Amazon, on the other hand, provides a very high-level outline of some of the key features tied to individual service e.g. I/O speed for the direct-attached storage or memory size. Below is the outline of the instance classes and related parameters I used for query performance testing between individual service types. Below table outlines the ‘testbed’ configurations I used to measure SQL execution performance on both services.
Provisioning both services could not be any simpler, in both vendors’ case it’s just a matter of selecting the desired computing capacity with its associated cost, deciding on the naming conventions for the designated servers and databases and finally configuring firewall to allow client access.

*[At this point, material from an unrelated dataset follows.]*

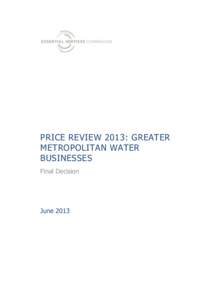 PRICE REVIEW 2013: GREATER METROPOLITAN WATER BUSINESSES Final Decision  June 2013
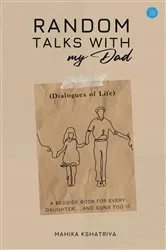 Book cover of Random Talks with My Dad.. (Dialogues of Life) - A bedside book for every daughter.....and sons too !!! by Mahika Kshatriya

In case of Azure I stumbled across a small issue when deploying the instance ‘got stuck’ on ‘In Progress’ status for over 19 hours, with no details provided by the portal on why the deployment was taking so long (see image below). Selecting a different region (initial region allocation for Azure DW deployment was Australia Southeast) seemed to rectify the problem but I wish Azure provided more information when roadblocks like this one occur, other than just a progress bar and a sparse message.
Test Data and Load
So what is Azure Data Warehouse performance like in comparison to the Amazon Redshift equivalent? To answer this question, first I needed to expand on the data provided by Amazon (TICKIT database) and copy it across to both services. This sample database helps analysts track sales activity for the fictional TICKIT web site, where users buy and sell tickets online for sporting events, shows, and concerts. In particular, analysts can identify ticket movement over time, success rates for sellers, and the best-selling events, venues, and seasons. Analysts can use this information to provide incentives to buyers and sellers who frequent the site, to attract new users, and to drive advertising and promotions. TICKIT database consists of seven tables: two fact tables and five dimensions as per the schema below.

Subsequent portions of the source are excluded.